5年程も眠ったままの本を棚から抜き出し、読み始めた。
著者/原田マハ 出版社/PHP 書名/風神雷神図 上・下巻
主役の名は、俵屋宗達(たわらやそうたつ)。国宝/風神雷神図を見れば ーあっ、これねーと仰っていただく方が多いと思います。
宗達は、安土桃山時代から江戸初期に活躍し、日本画の歴史に色濃く足跡を遺した極めて有名な日本画家でありながら、経歴に関する伝記資料が一切存在せず、時の権力者たちと強い結びつきのあった王朝絵巻の流れから、現代に至るまで古今東西、誰しもが美しいと感ずる煌びやかな日本画の世界を礎いたのが宗達であり、宗達に私淑した尾形光琳は、宗達の生きた、その1世紀後に宗達版/風神雷神を模写し、さらにその1世紀後に、この二人に私淑した酒井抱一(さかいほういつ)が画風を継承し、江戸琳派を確立します。
さて、この宗達の代表作「風神雷神図」は、晩年の1630年代後半の作品であろうとされながら定かではない、まさにミステリアスな作品です。
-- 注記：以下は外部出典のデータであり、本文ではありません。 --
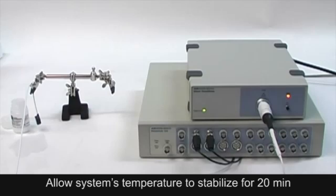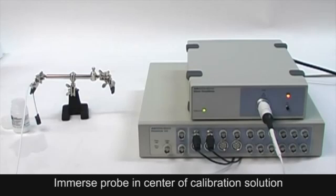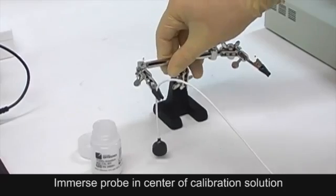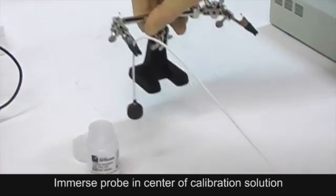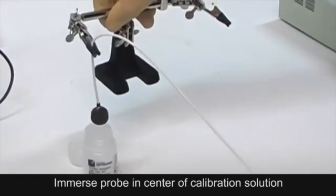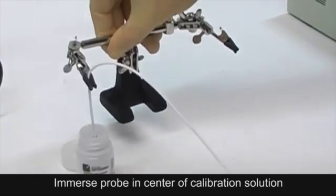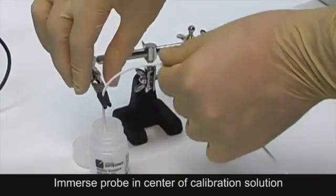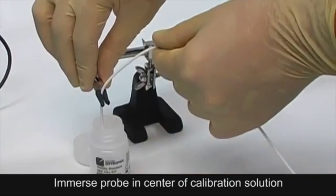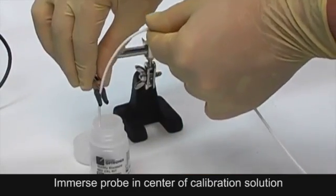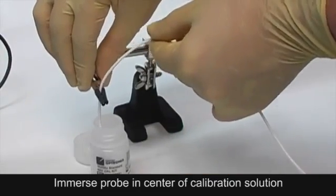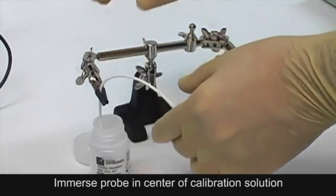Allow the system's temperature to stabilize for at least 20 minutes prior to performing the calibration. Use the positioning stand supplied with the calibration kit to position the probe at the centre of the calibration suspension, whereby the surface or tip of the probe is equally distant from all sides of the vessel.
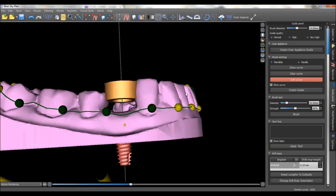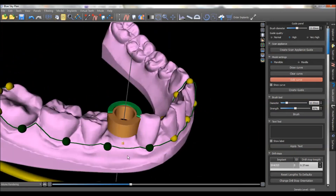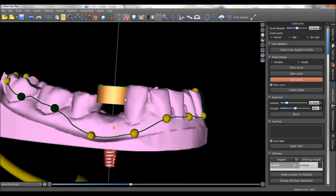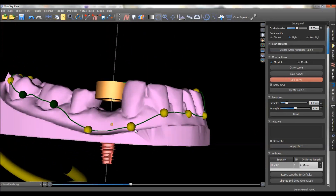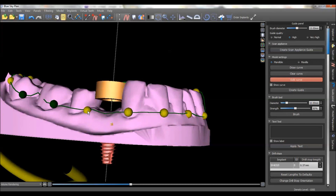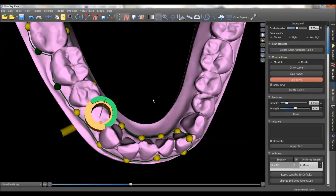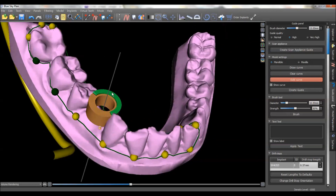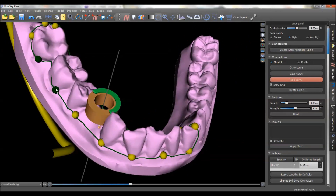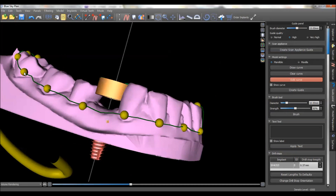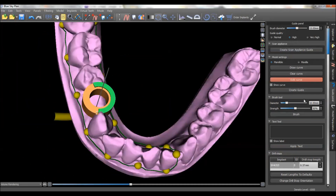That looks pretty good. Now, I like to flap when I do my guides, so I don't want the guide edge to be way down here because there's no way you can retract a flap out from under it. So right in the area where I'm going to be, I make it a little bit shallower, and I make sure I can look straight down from the top without impinging on that. Everything looks good here — we'll push 'Create Guide.'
で、あれば宗達の生きた時代に華を添える架空ながら物語があっても良いですね。 これを架空とする理由は、この宗達を推したのは多彩な芸術家であり、若き芸術家達の後援者でもあった、本阿弥光悦(ほんあみこうえつ)とされていますが、本書では、同時代を生き、その後400年に渡り、徳川幕府のお抱え絵師集団となる狩野派を確立した狩野永徳が宗達を推します。
うーん、とにかく面白いのですが、まだ下巻に辿り着けない・・・・。